9. “There is clearly a trade-off between quantization error and temporal prediction error. The larger the quantization error (the fewer the number of centroids), the easier it will be to predict the codes for the next frame, and vice versa. In this work, we quantize small gray-scale 8×8 patches using 10,000 centroids constructed via k-means, and represent an image as a 2d array indexing the centroids.”
10. Use recurrent convnet
11. “In the recurrent convolutional neural network (rCNN) we therefore feed the system with not only a single patch, but also with the nearby patches. The model will not only leverage temporal dependencies but also spatial correlations to more accurately predict the central patch at the next time step”
12. “To avoid border effects in the recurrent code (which could propagate in time with deleterious effects), the transformation between the recurrent code at one time step and the next one is performed by using 1×1 convolutional filters (effectively, by using a fully connected layer which is shared across all spatial locations).”
13. ” First, we do not pre-process the data in any way except for gray-scale conversion and division by the standard deviation.”

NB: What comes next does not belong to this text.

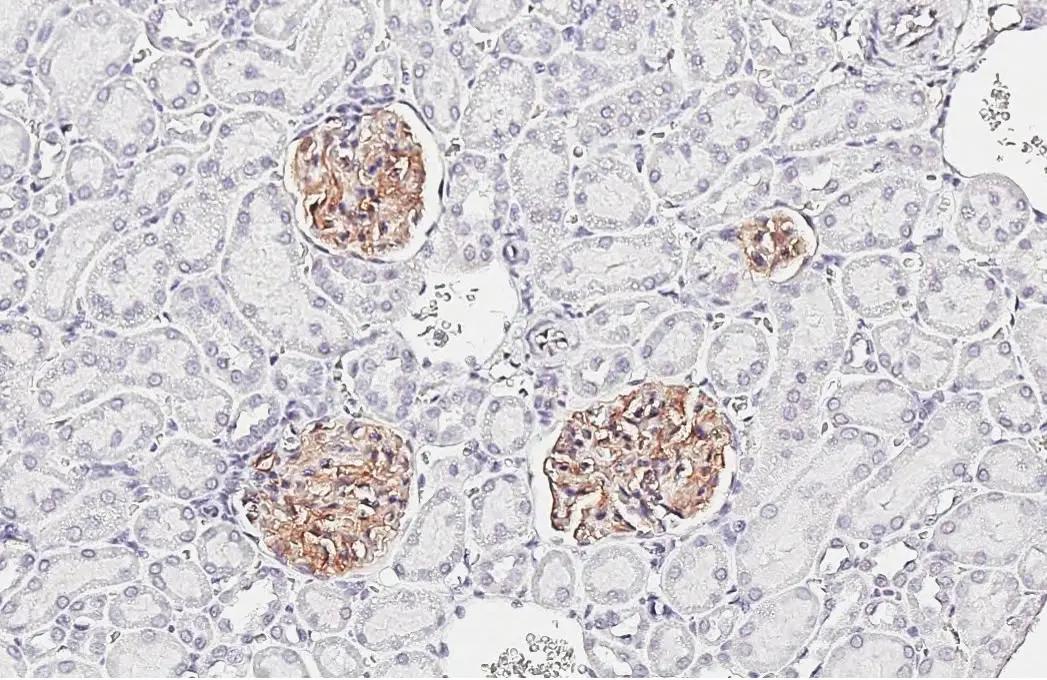Claudin-5 Antibody (HL3156)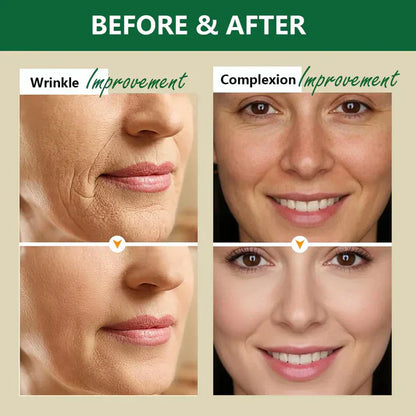 Aussie Betta Golden Micro-Peptide Tallow Serum-Gentle Anti-Aging for Sensitive Skin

14. “This dataset [UCF-101] is by no means ideal for learning motion patterns either, since many videos exhibit jpeg artifacts and duplicate frames due to compression, which further complicate learning.”

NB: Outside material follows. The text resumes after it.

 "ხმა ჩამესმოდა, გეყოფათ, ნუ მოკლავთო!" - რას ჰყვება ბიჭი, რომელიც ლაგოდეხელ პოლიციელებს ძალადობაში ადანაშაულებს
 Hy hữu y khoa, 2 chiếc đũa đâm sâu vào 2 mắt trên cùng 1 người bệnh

15. “Generally speaking, the model is good at predicting motion of fairly fast moving objects of large size, but it has trouble completing videos with small or slowly moving objects.”
16. x
17. Optical flow based methods produce results that are less blurred but more distorted
18. The method can also be used for filling in frames
19. Discusses future work:
1. Multi-scale prediction
2. Multi-step prediction
3. Regression
4. Hard coding features for motion
20. “This model shows that it is possible to learn the local spatio-temporal geometry of videos purely from data, without relying on explicit modeling of transformations. The temporal recurrence and spatial convolutions are key to regularize the estimation by indirectly assuming stationarity and locality. However, much is left to be understood. First, we have shown generation results that are valid only for short temporal intervals, after which long range interactions are lost.”